My wife is like this and even though we have been married for over 40 years, I want to learn. So if any of you are like this, let me know. I have some questions for you.


----------



## gettingout (Jan 15, 2013)

Ask away.....


----------



## EleGirl (Dec 3, 2011)

I suppose this is in reference to women who never has a sexual desire unless a man initiates sex.

Why does everything have to have a label these days?


I consider myself HD. But I do admit that if I'm doing something like the laundry my level of sexual desire is a bit low at that moment. If my man comes along with some well placed nibble and whispers in my ear my level of desire will defiately respond immediately. I think that all people have some level of "responsive desire".


----------



## *LittleDeer* (Apr 19, 2012)

I am HD but yes have responsive desire.
I think that some men do but a lot of women do.

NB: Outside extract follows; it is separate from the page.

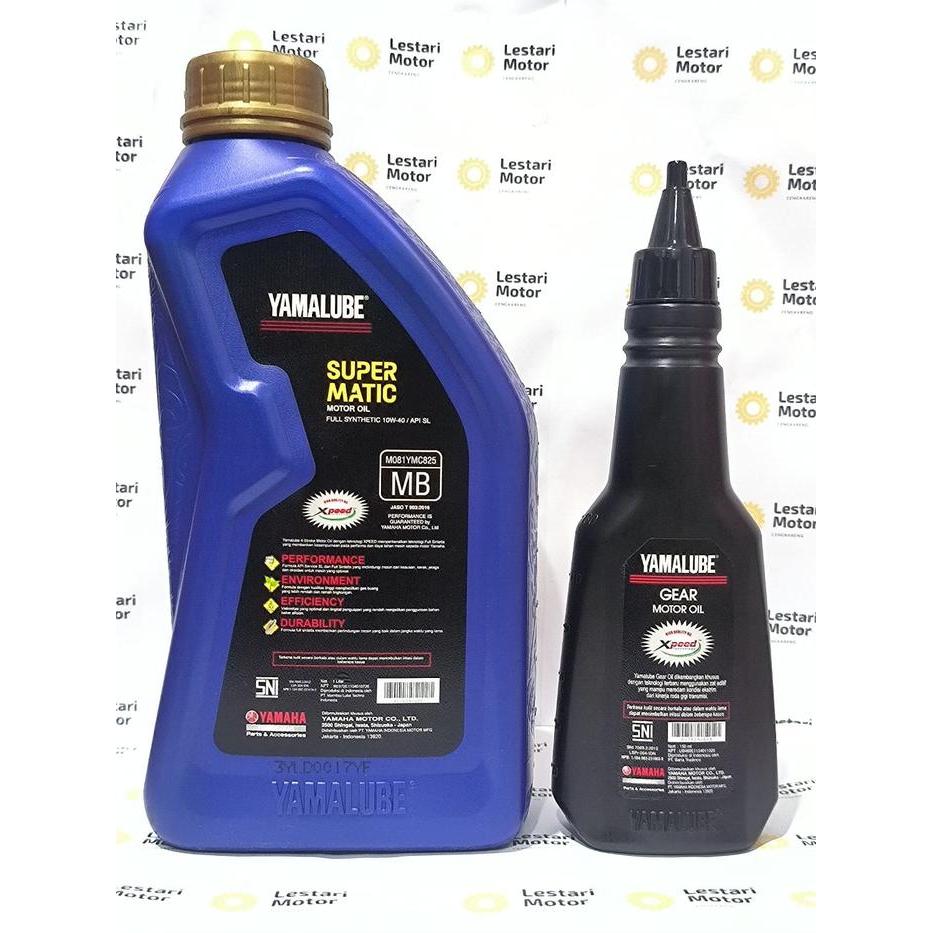 YAMAHA GENUINE PARTS PAKET OLI MOTOR NMAX YAMALUBE SUPER MATIC 1L 100% ORIGINAL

For me it's about paying attention. Act like we just met, notice my hair, eyes, what I'm wearing and flirt with me, a lot. 
Give genuine compliments and for me a man taking charge turns me on.
_Posted via Mobile Device_


----------



## romantic_guy (Nov 8, 2011)

Before the questions, a little background. I think that I am a good mix of Alpha and beta, although I do tend to be more beta. my love languages are quality time and ohysical touch so I am the affectionate one in our relationship. Her love languages are acts of servie and words of affirmation. I think I do a pretty good job at speaking her love language (housework, cleaning off her car in the morning, making her breakfast, etc.). Last night we had sex and her orgasm seemed to last forever...WOW!!

Ok, so here are some questions:

It seems to me that someone who had such awesome orgasms would want it more often. Is that true with you?
How often do you think about sex and initiate?
Would you prefer your SO to initiate most of the time?
Would you tell me, "who cares who initiates as long as you are getting some!"?

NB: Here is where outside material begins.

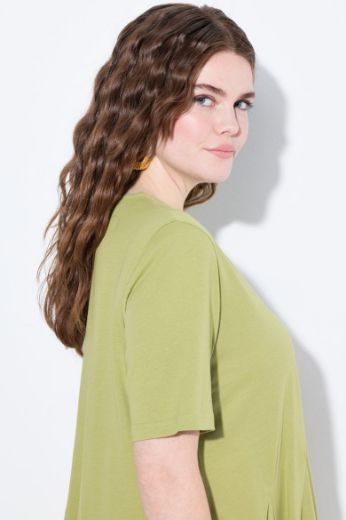 Plus size veliki brojevi Tunika kratkih rukava A kroja za punije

I realize that everyone is different. I have tried to get. Her interested in this site as well as other blogs to no avail. 

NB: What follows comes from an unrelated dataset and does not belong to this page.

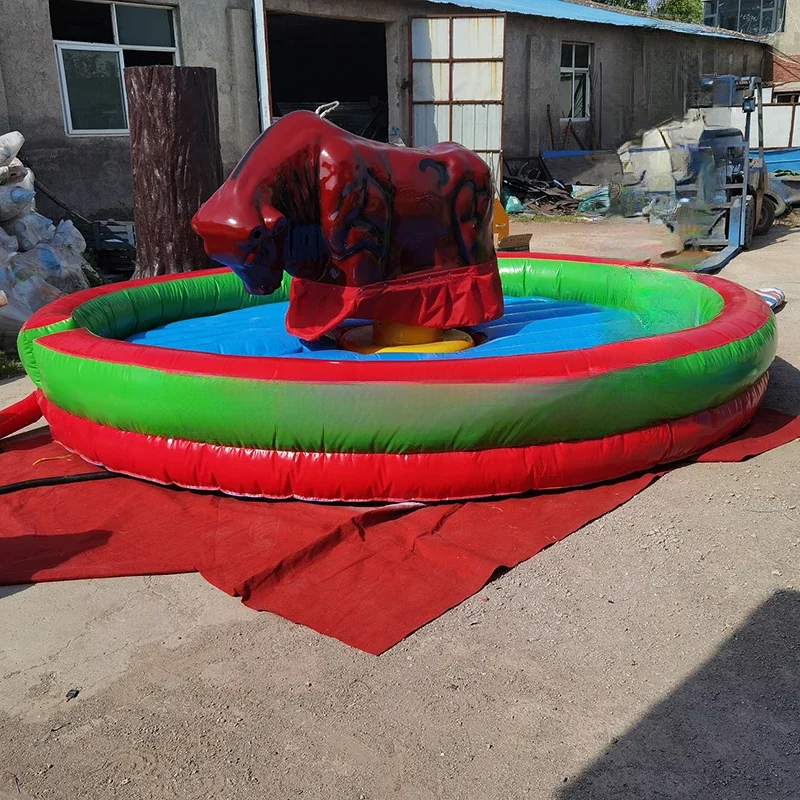 Commercial Mechanical Bull Ride Machine Adults Inflatable Rodeo Bull Ride Bullfighting Bull for Sale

The aforementioned article in the link has helped me to realize that my wife is not all that unusual. Thanks for your input! Like I said, even after 40 years there is still much I can learn.


----------



## justforfun1222 (Feb 6, 2013)

There are so many things that drive a woman's sexual desires. When I was in my 20's I thought about it constantly, wanted it all the time, no romance was really needed, just loved the way it made me feel. That part slowed down a little in my 30's but still pretty strong, however timing with kids at home made it difficult in those years so I did not get to enjoy it as often. Now that I have gotten into my 40's I think about it a lot still, however, body image and hormone levels as you age make it harder for you to "Want it" the same way. I have days where I feel unattractive, and when you feel that way you do not want anyone else to look at you. I have found as I age that I also like more of the foreplay, not just sexual, like, romance, snuggling, spending time together in places that would naturally lead to later having sex. I have never been one to have a problem with orgasm.. I guess I have been really lucky in that regard. I am however not a response person (although I will respond if suggestions are made), I am the initiator most of the time with sex, and the other "foreplay" I mentioned, and sometimes that gets old, but regardless of who does the initiating of it, I am up for it most of the time. Make sure you let her know that she is beautiful to you everyday, not just on special occasions, that helps her esteem and when we feel pretty, we feel sexual, or at least I do. Anyway.. hope this helps.


----------



## romantic_guy (Nov 8, 2011)

justforfun1222 said:


> Make sure you let her know that she is beautiful to you everyday, not just on special occasions, that helps her esteem and when we feel pretty, we feel sexual, or at least I do. Anyway.. hope this helps.


Thanks for the reply!! OMG..she IS hot and I let her know all of the time! I have some pics of her and us on my profile page so you can see what I mean. Not all guys are attracted to petite 5'2" 112 lb women...but I sure am!


----------